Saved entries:
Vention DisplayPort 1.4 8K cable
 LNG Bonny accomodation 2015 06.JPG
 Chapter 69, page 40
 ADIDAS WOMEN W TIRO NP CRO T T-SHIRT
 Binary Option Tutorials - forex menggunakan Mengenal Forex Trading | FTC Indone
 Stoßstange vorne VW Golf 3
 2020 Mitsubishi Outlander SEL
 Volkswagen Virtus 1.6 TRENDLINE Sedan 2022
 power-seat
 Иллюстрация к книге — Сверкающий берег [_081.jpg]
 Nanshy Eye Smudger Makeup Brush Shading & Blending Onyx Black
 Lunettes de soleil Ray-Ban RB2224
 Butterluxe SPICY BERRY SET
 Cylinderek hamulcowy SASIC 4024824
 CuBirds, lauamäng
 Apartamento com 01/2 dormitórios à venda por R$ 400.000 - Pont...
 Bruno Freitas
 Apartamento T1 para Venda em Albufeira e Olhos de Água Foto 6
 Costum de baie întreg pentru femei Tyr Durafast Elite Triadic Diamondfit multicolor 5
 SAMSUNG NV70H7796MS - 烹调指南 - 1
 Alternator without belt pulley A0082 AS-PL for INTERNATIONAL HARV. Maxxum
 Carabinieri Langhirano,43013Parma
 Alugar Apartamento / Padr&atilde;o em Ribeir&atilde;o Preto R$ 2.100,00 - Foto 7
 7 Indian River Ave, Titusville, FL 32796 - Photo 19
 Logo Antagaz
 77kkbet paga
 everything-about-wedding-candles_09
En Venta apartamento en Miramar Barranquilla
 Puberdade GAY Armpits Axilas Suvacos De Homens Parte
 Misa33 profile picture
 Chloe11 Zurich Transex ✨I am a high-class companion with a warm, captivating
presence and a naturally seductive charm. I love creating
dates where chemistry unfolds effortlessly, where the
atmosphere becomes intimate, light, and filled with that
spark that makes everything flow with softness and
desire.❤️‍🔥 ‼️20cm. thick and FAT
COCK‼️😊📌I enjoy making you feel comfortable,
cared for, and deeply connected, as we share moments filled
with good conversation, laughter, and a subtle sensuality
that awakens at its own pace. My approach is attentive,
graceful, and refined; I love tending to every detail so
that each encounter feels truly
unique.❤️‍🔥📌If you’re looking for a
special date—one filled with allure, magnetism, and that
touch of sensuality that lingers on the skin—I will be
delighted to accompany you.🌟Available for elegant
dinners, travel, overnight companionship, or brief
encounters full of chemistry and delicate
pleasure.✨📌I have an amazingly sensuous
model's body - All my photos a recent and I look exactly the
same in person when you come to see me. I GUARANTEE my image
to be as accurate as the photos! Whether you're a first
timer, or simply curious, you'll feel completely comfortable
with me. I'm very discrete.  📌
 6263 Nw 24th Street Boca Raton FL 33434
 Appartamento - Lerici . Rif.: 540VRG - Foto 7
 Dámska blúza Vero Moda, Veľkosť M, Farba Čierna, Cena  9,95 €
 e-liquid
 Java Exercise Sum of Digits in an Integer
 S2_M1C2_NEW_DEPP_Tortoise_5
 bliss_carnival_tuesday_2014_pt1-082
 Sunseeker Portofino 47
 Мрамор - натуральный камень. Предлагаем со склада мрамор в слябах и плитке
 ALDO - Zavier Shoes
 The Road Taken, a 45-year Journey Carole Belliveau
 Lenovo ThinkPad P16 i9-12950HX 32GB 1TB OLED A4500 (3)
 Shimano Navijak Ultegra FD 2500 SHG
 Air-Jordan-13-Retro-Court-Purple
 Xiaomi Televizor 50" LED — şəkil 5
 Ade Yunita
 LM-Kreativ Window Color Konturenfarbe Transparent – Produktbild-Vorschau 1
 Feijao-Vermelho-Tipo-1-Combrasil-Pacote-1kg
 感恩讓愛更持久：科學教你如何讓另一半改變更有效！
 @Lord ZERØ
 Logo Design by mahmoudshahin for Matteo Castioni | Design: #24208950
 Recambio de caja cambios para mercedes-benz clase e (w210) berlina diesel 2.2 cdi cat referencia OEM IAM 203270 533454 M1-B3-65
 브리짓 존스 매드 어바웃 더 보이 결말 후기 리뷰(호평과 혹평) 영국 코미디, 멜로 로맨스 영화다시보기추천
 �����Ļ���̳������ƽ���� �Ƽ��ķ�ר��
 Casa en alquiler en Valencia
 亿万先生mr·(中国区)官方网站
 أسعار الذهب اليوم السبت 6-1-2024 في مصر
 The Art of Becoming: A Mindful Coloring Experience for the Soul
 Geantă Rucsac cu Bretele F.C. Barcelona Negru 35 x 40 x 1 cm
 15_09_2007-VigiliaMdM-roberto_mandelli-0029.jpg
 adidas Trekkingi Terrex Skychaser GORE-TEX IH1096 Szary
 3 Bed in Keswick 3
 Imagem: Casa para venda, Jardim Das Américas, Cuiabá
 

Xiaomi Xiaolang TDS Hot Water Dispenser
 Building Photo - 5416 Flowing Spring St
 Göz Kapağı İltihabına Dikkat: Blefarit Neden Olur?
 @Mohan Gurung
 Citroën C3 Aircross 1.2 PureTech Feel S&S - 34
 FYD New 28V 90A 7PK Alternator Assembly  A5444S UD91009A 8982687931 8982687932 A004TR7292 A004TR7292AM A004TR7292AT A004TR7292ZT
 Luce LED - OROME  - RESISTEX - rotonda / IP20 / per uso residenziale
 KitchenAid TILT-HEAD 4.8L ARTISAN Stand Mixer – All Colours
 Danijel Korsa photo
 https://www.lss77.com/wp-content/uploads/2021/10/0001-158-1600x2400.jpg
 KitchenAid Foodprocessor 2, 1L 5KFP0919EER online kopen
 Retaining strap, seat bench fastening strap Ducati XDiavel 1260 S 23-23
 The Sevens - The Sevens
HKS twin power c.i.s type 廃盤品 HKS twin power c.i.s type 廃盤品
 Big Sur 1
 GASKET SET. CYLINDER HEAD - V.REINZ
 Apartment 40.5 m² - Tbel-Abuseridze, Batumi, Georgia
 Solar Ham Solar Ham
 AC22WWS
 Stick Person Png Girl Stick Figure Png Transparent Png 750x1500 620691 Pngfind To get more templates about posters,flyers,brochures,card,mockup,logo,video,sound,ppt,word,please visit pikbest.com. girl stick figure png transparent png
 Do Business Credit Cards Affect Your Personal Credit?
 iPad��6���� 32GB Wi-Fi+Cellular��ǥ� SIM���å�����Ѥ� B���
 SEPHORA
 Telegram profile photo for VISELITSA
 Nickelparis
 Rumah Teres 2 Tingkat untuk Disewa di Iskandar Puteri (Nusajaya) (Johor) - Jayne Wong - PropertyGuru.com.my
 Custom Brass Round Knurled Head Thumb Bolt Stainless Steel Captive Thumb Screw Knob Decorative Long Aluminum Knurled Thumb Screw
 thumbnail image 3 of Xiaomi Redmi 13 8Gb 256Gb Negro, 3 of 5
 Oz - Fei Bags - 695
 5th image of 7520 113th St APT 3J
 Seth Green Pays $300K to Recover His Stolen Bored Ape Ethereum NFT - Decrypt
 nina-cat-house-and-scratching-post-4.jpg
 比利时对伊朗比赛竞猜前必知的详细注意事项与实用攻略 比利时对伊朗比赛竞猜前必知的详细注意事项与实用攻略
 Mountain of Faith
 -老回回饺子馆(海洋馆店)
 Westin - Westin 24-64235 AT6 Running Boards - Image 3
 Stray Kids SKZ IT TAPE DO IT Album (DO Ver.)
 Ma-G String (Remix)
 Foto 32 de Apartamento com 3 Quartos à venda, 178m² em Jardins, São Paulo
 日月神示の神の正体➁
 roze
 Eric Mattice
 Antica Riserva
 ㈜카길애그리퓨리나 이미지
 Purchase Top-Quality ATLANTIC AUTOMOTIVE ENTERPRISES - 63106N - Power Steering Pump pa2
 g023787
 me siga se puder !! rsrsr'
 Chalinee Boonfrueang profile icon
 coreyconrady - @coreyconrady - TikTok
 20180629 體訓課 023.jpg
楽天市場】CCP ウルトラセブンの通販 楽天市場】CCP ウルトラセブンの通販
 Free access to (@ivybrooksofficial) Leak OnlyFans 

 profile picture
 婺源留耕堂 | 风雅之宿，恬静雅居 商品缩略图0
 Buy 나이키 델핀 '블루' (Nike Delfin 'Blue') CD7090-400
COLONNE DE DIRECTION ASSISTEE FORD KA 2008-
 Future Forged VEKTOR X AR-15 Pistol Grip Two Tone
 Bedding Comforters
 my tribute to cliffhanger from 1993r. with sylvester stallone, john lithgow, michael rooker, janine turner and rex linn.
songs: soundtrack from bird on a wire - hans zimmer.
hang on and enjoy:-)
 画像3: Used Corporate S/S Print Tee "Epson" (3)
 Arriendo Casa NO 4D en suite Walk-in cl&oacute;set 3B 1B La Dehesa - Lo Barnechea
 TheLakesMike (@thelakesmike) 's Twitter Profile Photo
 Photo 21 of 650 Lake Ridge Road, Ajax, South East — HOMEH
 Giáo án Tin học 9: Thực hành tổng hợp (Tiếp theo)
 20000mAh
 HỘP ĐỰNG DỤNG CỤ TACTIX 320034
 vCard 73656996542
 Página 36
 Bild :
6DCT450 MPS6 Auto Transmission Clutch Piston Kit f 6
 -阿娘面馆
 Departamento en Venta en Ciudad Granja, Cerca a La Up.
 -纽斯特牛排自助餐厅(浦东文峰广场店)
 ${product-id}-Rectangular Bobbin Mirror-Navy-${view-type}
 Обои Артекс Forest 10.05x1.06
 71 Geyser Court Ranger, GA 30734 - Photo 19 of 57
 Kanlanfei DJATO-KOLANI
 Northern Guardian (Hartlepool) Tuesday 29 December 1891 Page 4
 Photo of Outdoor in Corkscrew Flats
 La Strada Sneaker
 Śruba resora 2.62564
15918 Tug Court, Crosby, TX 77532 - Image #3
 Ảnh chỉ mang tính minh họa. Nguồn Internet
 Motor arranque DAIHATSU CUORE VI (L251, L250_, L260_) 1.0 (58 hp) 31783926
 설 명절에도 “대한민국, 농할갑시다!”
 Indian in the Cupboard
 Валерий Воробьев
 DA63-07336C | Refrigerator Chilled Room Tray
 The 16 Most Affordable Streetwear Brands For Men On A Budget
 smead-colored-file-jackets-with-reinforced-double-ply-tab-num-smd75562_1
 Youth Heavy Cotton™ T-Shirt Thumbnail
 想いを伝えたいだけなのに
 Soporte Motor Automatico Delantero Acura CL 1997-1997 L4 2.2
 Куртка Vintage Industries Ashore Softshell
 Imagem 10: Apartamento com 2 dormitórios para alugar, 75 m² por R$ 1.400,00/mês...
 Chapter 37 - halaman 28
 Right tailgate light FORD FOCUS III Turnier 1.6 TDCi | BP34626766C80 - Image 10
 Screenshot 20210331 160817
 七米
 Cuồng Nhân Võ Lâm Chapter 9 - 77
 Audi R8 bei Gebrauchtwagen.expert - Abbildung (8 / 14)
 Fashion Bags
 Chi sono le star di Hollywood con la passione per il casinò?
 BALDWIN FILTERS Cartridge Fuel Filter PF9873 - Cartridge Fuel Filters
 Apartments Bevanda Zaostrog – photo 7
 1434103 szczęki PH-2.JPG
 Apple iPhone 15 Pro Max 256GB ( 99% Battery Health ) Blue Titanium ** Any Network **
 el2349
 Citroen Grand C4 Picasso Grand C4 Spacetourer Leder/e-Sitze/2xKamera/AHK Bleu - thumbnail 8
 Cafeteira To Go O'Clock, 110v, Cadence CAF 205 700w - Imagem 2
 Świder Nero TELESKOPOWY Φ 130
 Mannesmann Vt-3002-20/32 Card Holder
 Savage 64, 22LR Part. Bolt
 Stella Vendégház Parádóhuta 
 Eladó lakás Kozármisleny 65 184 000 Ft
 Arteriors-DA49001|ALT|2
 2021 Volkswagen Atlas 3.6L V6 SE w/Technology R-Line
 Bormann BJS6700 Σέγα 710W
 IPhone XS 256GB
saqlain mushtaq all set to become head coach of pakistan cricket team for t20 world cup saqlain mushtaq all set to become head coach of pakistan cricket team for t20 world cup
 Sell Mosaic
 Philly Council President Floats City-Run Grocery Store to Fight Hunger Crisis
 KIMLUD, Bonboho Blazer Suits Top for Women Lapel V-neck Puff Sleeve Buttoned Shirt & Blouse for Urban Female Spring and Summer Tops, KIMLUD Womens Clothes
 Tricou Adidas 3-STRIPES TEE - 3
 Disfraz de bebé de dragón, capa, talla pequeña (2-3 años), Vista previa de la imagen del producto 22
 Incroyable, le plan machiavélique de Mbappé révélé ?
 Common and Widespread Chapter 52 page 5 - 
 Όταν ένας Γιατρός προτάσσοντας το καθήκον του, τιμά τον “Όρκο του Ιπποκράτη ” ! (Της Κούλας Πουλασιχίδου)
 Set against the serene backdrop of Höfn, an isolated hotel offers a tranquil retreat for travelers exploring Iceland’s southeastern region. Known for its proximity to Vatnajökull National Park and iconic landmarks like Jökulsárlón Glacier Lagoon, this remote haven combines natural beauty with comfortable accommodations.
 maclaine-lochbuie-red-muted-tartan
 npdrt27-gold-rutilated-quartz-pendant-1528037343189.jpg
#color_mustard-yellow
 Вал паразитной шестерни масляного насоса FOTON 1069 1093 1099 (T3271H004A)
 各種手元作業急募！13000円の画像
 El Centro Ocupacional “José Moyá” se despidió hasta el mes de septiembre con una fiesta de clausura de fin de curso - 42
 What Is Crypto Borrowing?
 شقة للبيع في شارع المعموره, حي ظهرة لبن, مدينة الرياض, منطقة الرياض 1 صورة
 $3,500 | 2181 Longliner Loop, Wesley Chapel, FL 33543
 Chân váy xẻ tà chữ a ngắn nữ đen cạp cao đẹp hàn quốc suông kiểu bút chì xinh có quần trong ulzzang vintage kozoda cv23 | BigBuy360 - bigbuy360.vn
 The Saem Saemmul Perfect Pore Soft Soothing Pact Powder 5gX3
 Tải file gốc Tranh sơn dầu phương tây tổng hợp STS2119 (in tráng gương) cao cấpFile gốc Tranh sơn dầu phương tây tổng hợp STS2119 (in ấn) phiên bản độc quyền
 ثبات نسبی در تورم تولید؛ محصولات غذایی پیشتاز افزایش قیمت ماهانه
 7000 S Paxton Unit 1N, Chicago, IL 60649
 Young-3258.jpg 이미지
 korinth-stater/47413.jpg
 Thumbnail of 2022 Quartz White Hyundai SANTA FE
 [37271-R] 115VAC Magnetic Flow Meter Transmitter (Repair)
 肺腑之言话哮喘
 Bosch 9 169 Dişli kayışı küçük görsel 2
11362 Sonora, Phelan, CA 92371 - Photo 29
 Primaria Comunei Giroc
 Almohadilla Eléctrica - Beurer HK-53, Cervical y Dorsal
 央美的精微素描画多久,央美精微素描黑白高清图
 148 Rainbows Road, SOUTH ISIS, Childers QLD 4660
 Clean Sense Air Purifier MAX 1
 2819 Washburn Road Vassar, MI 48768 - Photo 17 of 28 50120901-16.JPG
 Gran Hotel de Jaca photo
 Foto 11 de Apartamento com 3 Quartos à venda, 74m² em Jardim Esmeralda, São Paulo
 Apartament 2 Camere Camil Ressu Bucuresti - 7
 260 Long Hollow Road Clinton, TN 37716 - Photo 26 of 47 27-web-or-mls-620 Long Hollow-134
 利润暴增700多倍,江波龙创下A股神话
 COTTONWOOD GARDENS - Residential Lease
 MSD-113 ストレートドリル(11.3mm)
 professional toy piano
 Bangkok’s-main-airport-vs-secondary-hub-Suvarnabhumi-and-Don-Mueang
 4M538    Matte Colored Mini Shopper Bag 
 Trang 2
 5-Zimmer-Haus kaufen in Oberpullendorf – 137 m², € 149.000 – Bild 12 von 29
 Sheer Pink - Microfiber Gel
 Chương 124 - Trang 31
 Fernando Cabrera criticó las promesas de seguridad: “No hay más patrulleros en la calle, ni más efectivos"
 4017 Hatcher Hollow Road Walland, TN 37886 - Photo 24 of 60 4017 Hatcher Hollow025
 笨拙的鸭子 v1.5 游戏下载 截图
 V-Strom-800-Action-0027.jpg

• **DIRECTIONS**:
Please give back, exactly as it stands above, the stretch from the line with "Foto 11 de Apartamento" through the line with "Chương 124 - Trang 31", and no line outside it.

• **EXERCISE SOLUTION**:
 Foto 11 de Apartamento com 3 Quartos à venda, 74m² em Jardim Esmeralda, São Paulo
 Apartament 2 Camere Camil Ressu Bucuresti - 7
 260 Long Hollow Road Clinton, TN 37716 - Photo 26 of 47 27-web-or-mls-620 Long Hollow-134
 利润暴增700多倍,江波龙创下A股神话
 COTTONWOOD GARDENS - Residential Lease
 MSD-113 ストレートドリル(11.3mm)
 professional toy piano
 Bangkok’s-main-airport-vs-secondary-hub-Suvarnabhumi-and-Don-Mueang
 4M538    Matte Colored Mini Shopper Bag 
 Trang 2
 5-Zimmer-Haus kaufen in Oberpullendorf – 137 m², € 149.000 – Bild 12 von 29
 Sheer Pink - Microfiber Gel
 Chương 124 - Trang 31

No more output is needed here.